New data shows that although more boys take vocational qualifications in subjects such as IT and engineering, their female classmates get higher results.
The statistics, published by the Pearson education company, show that almost two-thirds (62 per cent) of pupils who take a BTEC qualification in IT at level 2, which is equivalent to GCSE level, and more than eight in 10 (82 per cent) of those who take the same course at level 3, equivalent to A Levels, are boys.
However, nearly a third (31 per cent) of girls gained a distinction in a level 2 BTEC IT this year, compared to a fifth (21 per cent) of boys. This pattern is repeated at level 3, with 15 per cent of girls getting the highest possible grade compared to 12 per cent of their male peers.
The statistics also show that 5 per cent of students taking a level 2 engineering BTEC and 4 per cent of those taking the level 3 qualification are girls, but 37 per cent of girls at level 2 gained a distinction this year, compared to 20 per cent of boys, and 14 per cent of those studying at level 3 gained the highest award compared to 9 per cent of boys.

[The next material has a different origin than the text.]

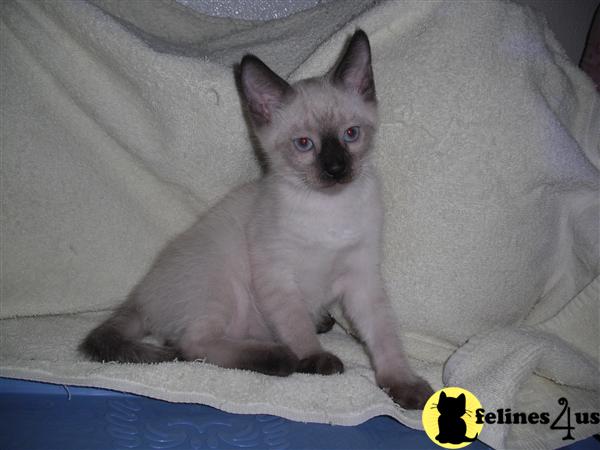Kittens for Sale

Rod Bristow, president of Pearson UK said: "In uncertain economic times, students have been shifting towards the subjects that provide the greatest employment opportunities.
"We know STEM skills are crucial to the high skills economy we will need in the future. Too often these are seen as 'boys' subjects'; today's figures show that, when girls do sign up to these vital subjects, they flourish."
The figures also show girls are out-performing their male colleagues in science, and while more girls are choosing to study science, technology, engineering and maths (STEM), experts have warned that low numbers were going on to study these subjects at university and to have careers in these areas.
The figures come just weeks after business leaders warned the UK was facing a ''critical'' lack of skilled workers as firms struggled to recruit suitably-qualified staff.
A survey conducted by the CBI of almost 300 companies found that nearly half lacked confidence in being able to take on high-skilled workers, especially in manufacturing, construction and engineering.
The Commons science and technology select committee has recently announced its own enquiry into women in academic STEM careers.
Committee chair Andrew Miller, Labour MP for Ellesmere Port and Neston, said: "It is really good news that girls are doing well in science, the first step had to be getting away from the perception that science is a boys subject.
"I would like to find out why girls with science qualifications are not following through into STEM careers. This is not a matter of seeking a gender balance in science but to ensure that we are getting the fullest use of available talent in what is going to become an increasingly technology and science-based economy."
Helen Wollaston, director of WISE, (Women into Science and Engineering) said: "The key message that WISE want to get across is that these results prove that girls can do science, IT and engineering; in fact, those that choose these subjects do better than boys.
"At a time when UK industry is crying out for more people with STEM qualifications, we have to get more of this female talent into the workforce."
Charlotte Vere, executive director of the Girls' Schools Association (GSA), said: "We know that girls perform well in STEM subjects; in GSA girls' schools, 63 per cent of sixth form girls study at least one STEM subject and 59 per cent achieve the highest grades.
"The challenge in co-ed schools is creating a learning environment in which girls feel more comfortable studying these subjects in the first place.
"The 'gender gap' lies not in the level of success but in the numbers in class. Research shows that girls are four times more likely to study physics at an independent girls' school than in a co-ed state school; this can't be right."